About 60% of around 400,000 inhabitants of Mwingi, live on less than a dollar a day, by being one of the poorest areas in the whole country, receiving electricity does not seem to be possible in the next 50 years.
To have a relatively bright future in that district children have to get high education. Therefore they need light to be able to study.
In a district where both natural and financial conditions are against, Children of Mwingi have a limited future.
Objective
The objective is to provide 20 schools with a solar system within a period of three years, to lighten the future of children.

Lighten Their Future Project
Officials will have to close 100 primary schools and 20 secondary schools which are off the national electricity grid and not likely to get electricity for the next 50 years in the project area.

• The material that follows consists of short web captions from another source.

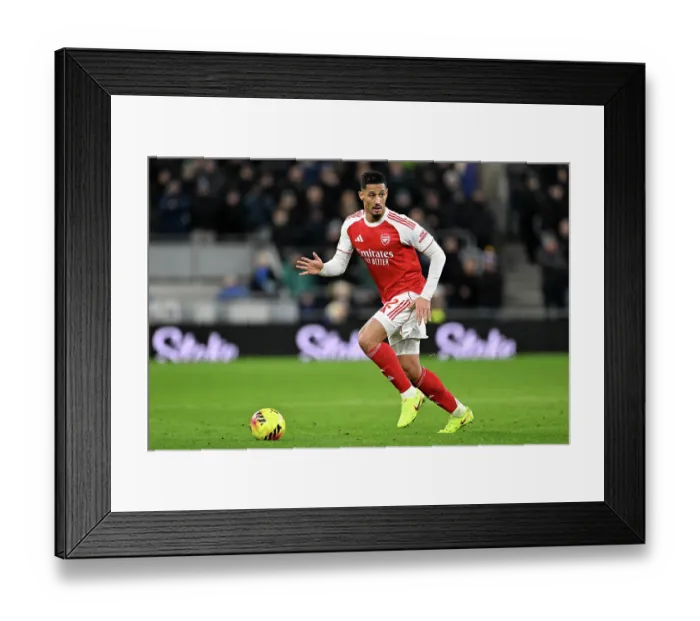 Framed Print : Everton v Arsenal - Premier League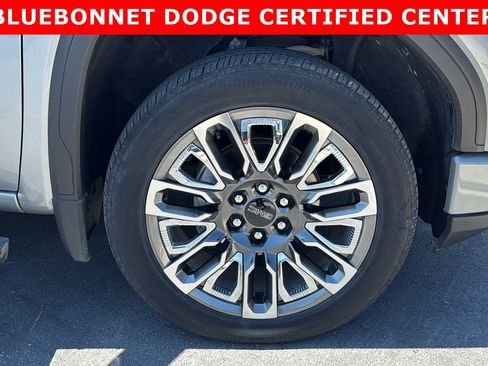 Used 2024 GMC Sierra 1500 Denali Ultimate AWD/4WD image 36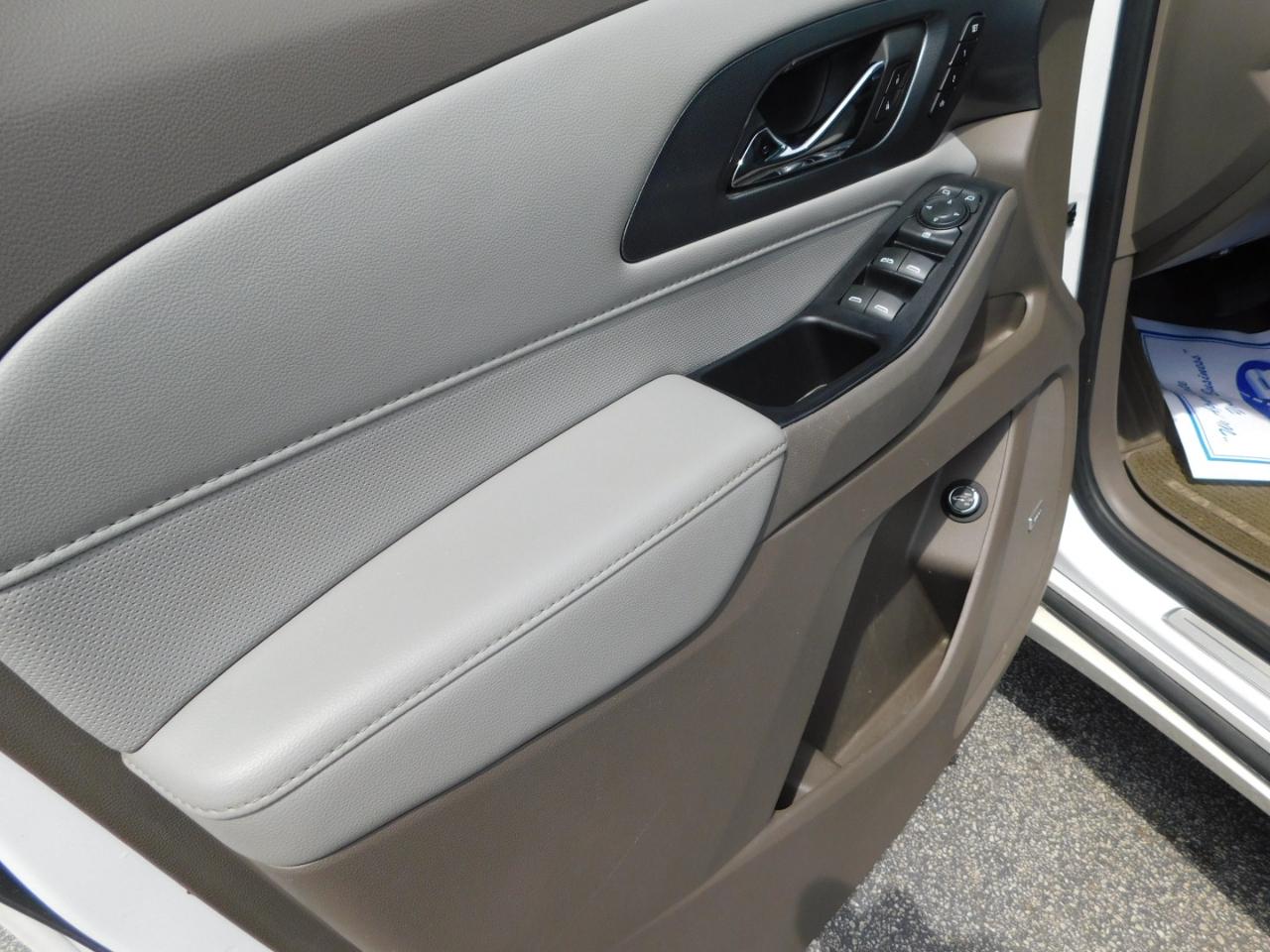 Chevrolet Traverse FWD 4dr Premier 2021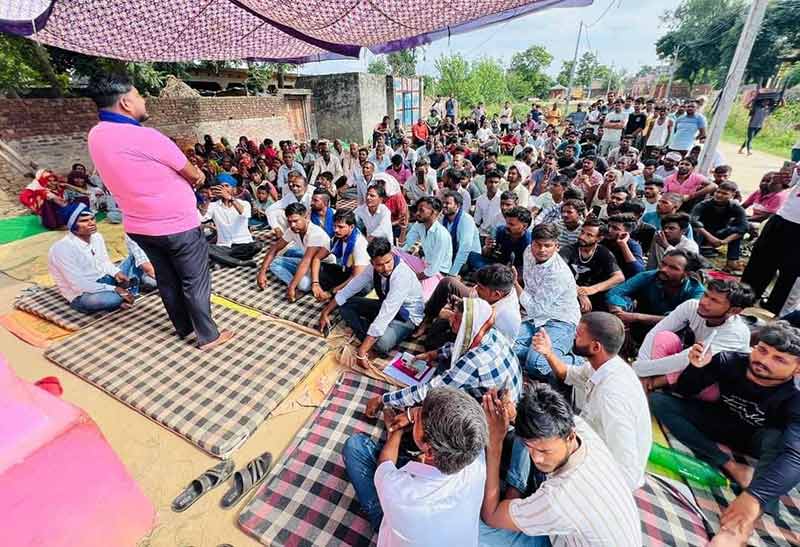 असामाजिक तत्वों ने की संत रविदास की मूर्ति खंडित, आक्रोश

Mwingi district has a total of 360 primary schools, (each with an average of 600- 800 pupils, (approximately 252,000 pupils) and 53 secondary schools, each with an average of 300-400 students (approximately 21,200 students).
The education system in Kenya is structured in such a way that, pupils spent 8 years in primary school, 4 in secondary and another 4 at university.
Out of the 20,000 enrolled in standard within the project area at any one given year, 60% drop out before making it to class eight.
On the other hand, out of the +/- 2,000 or so admitted to form one, less than 50 students (2.5%) score grades good enough to get them admitted to local public universities. Over 90% of all these schools are situated in very remote areas, and may take the next 50 years or so, to get connected to the national grid, UNLESS, something drastic and innovative, as this initiative happens.
Rise Kenya Organization has selected 33 primary schools and 6 secondary schools to start with solar lighting.
Depending on the scale of the project the establishment of a solar lighting system cost circa 1,500 Euro per school.